The problem = Exactly the lines from the line with "Trust GXT 493W" through the final line of the records below, both ends included, are to be set down. Do not include pictures.

Data excerpts:
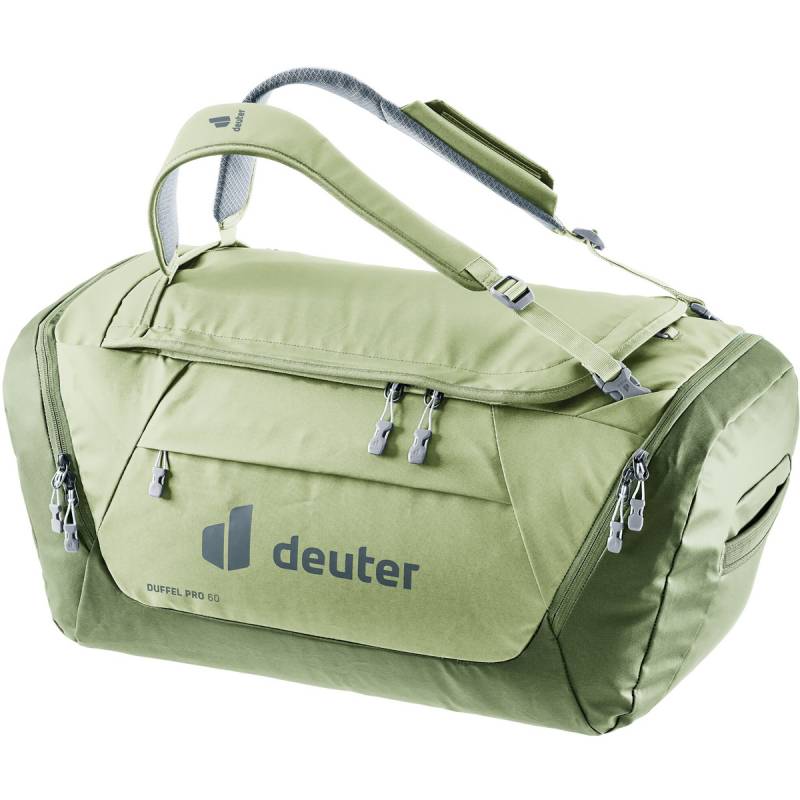 Deuter Duffel Pro 60 Reisetasche von Deuter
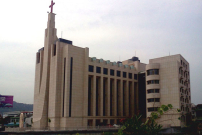 浙江溫州再有大型官方教堂面臨拆除命運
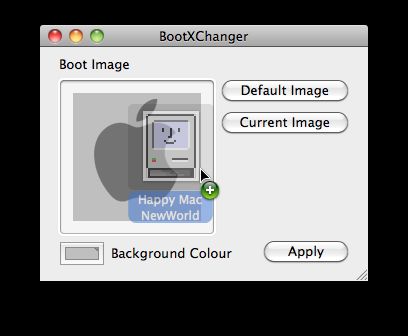 BootXChanger 2.0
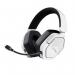 Trust GXT 493W Carus Wireless White Headset 8TR25534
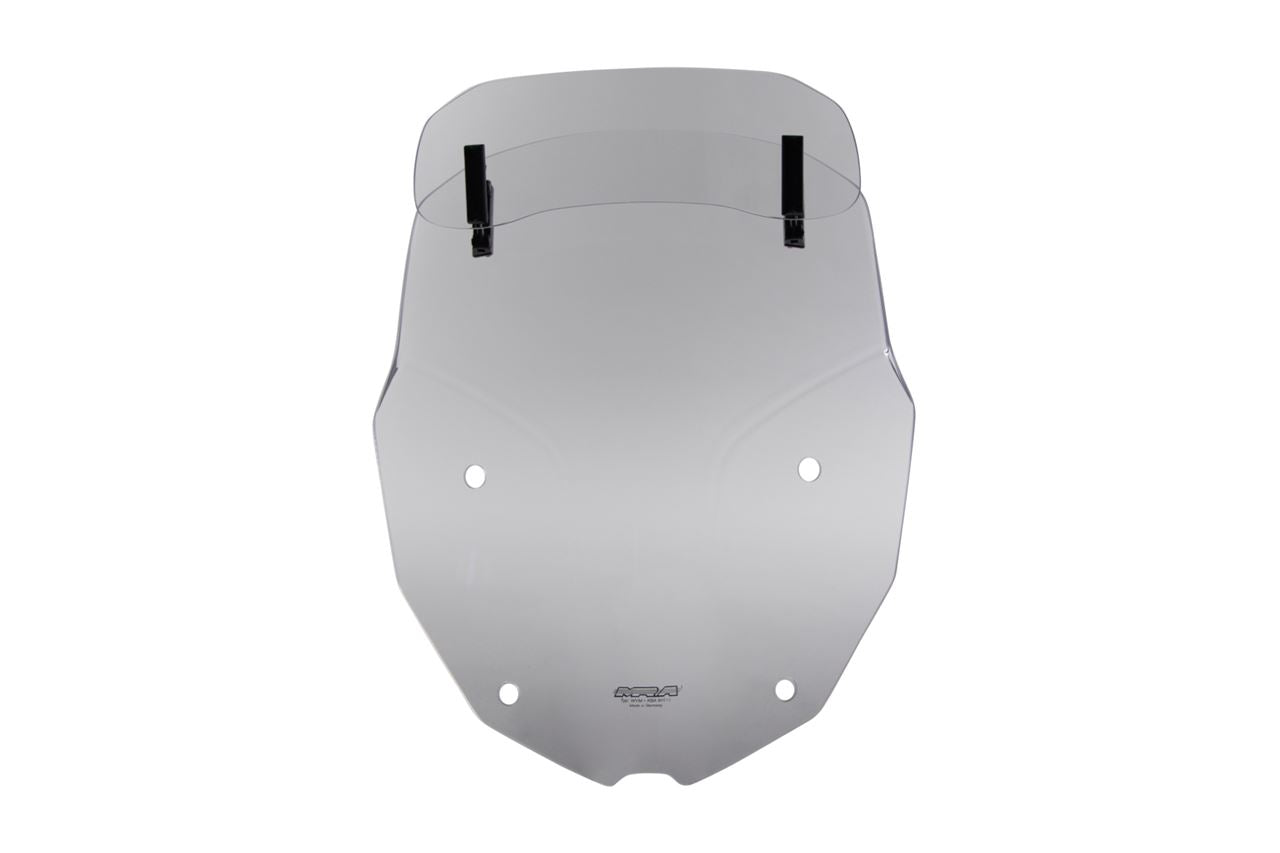 スクリーン ヴァリオツーリング スモーク 幅380×長さ480mm R1200GS/アドベンチャー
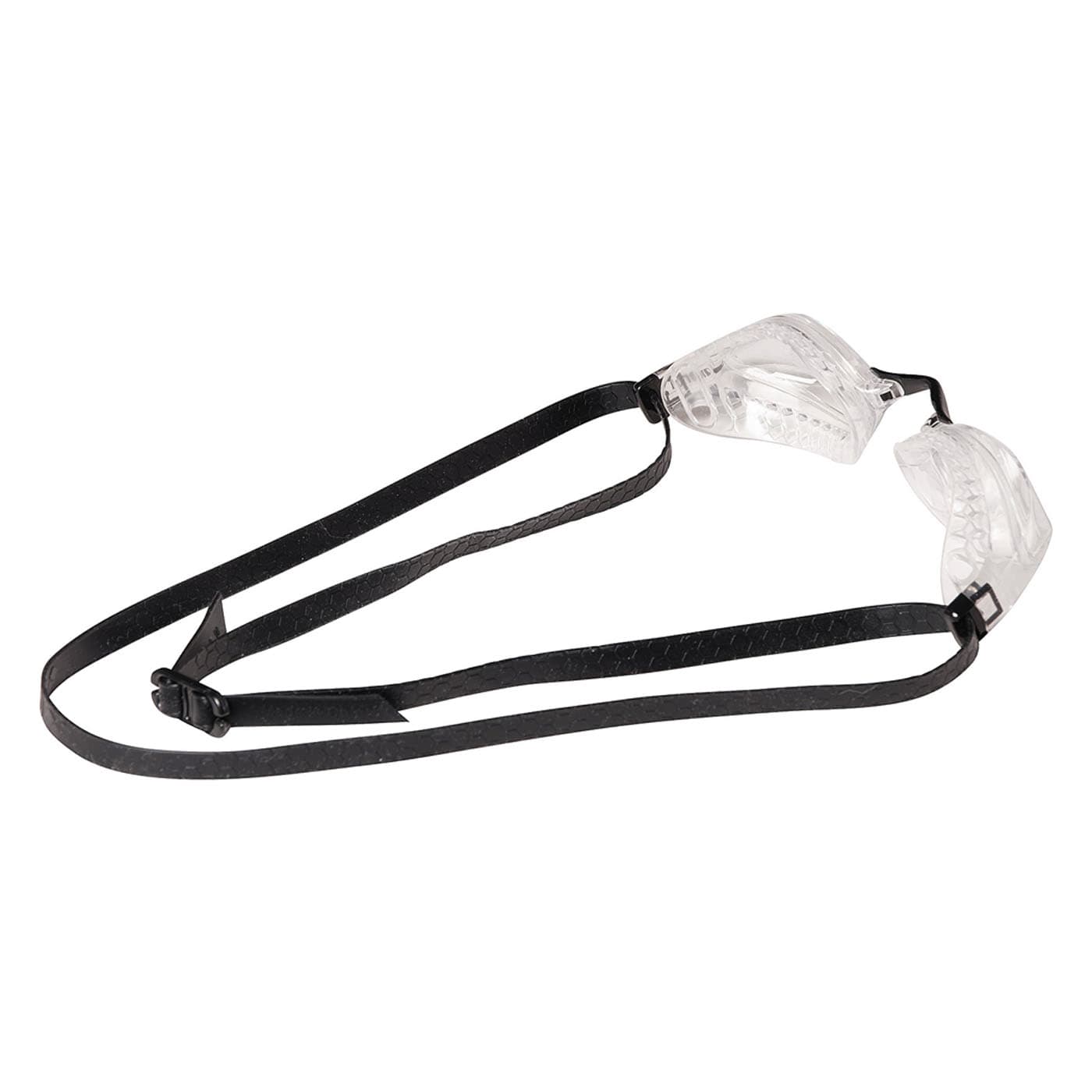 Okularki pływackie AIR-SPEED do treningu i zawodów 4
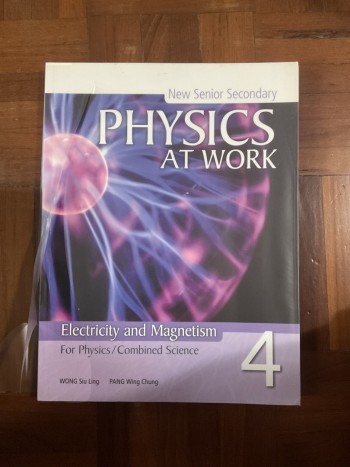 NSS Physics at Work 4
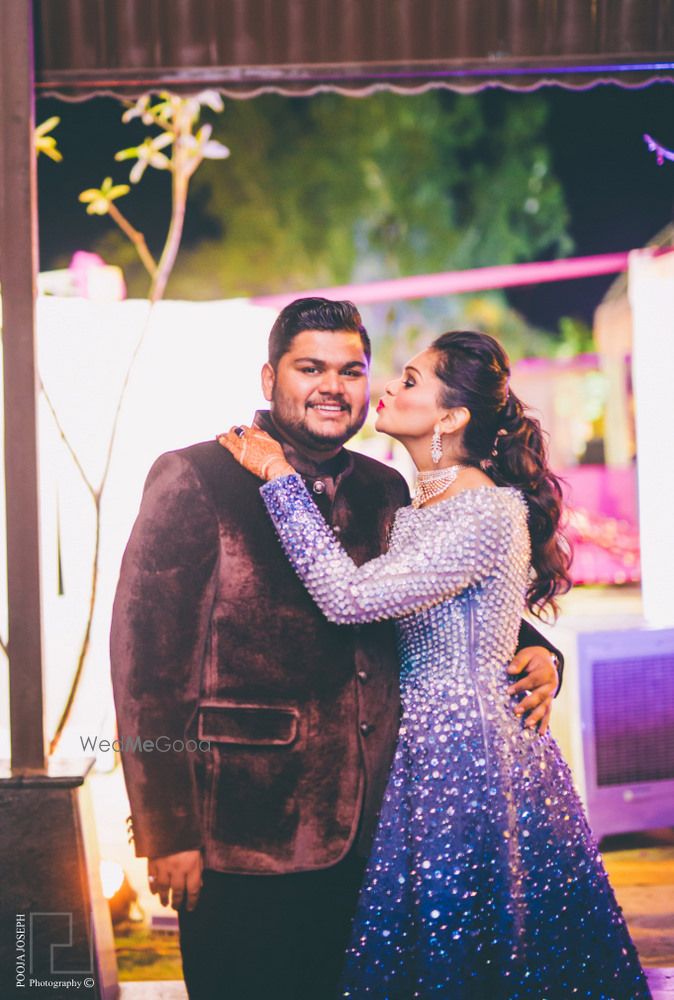 Photo from Nirali & Ribhu Wedding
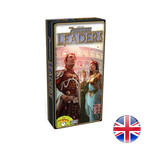 Asmodee 7 Wonders: Leaders VA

Answer to this problem =
 Trust GXT 493W Carus Wireless White Headset 8TR25534
 スクリーン ヴァリオツーリング スモーク 幅380×長さ480mm R1200GS/アドベンチャー
 Okularki pływackie AIR-SPEED do treningu i zawodów 4
 NSS Physics at Work 4
 Photo from Nirali & Ribhu Wedding
 Asmodee 7 Wonders: Leaders VA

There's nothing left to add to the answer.